Exercise details: Repeat precisely the span of lines below that opens with the line containing "Gants de boxe" and closes with the line containing "Casa o chalet en venta en Avenida", both included.

Records shown:

********************

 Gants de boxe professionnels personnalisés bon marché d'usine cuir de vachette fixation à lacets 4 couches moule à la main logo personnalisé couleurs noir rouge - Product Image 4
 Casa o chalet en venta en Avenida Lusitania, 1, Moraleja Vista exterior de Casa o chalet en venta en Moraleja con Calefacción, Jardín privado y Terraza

********************

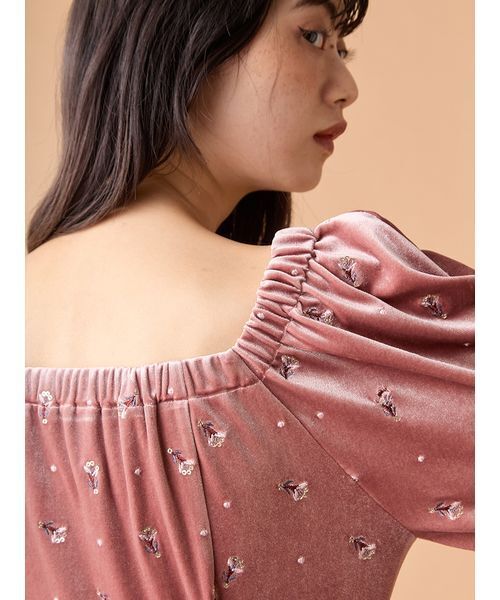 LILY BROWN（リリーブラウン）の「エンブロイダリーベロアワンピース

********************

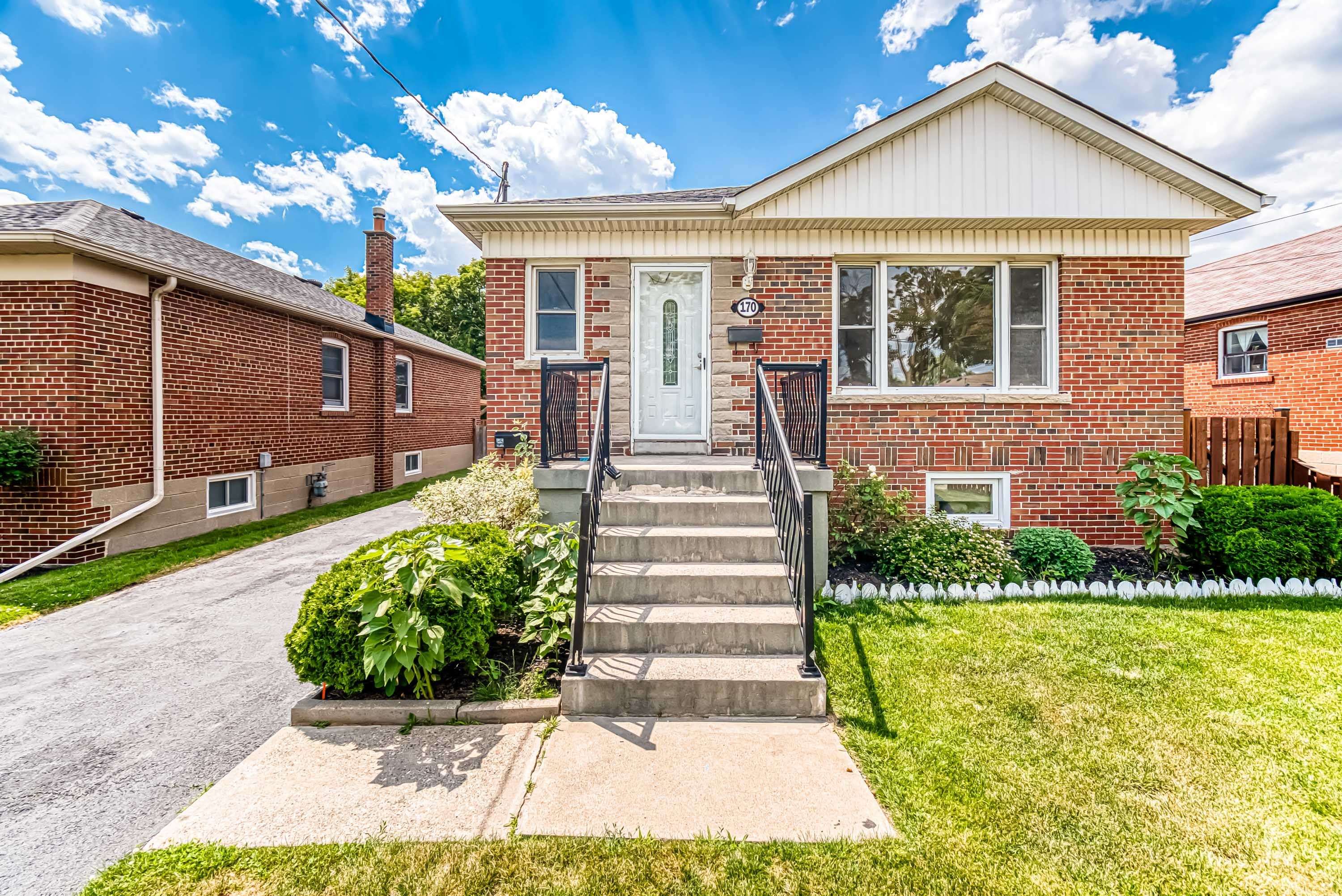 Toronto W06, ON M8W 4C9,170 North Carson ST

********************

Written response:
 Gants de boxe professionnels personnalisés bon marché d'usine cuir de vachette fixation à lacets 4 couches moule à la main logo personnalisé couleurs noir rouge - Product Image 4
 Casa o chalet en venta en Avenida Lusitania, 1, Moraleja Vista exterior de Casa o chalet en venta en Moraleja con Calefacción, Jardín privado y Terraza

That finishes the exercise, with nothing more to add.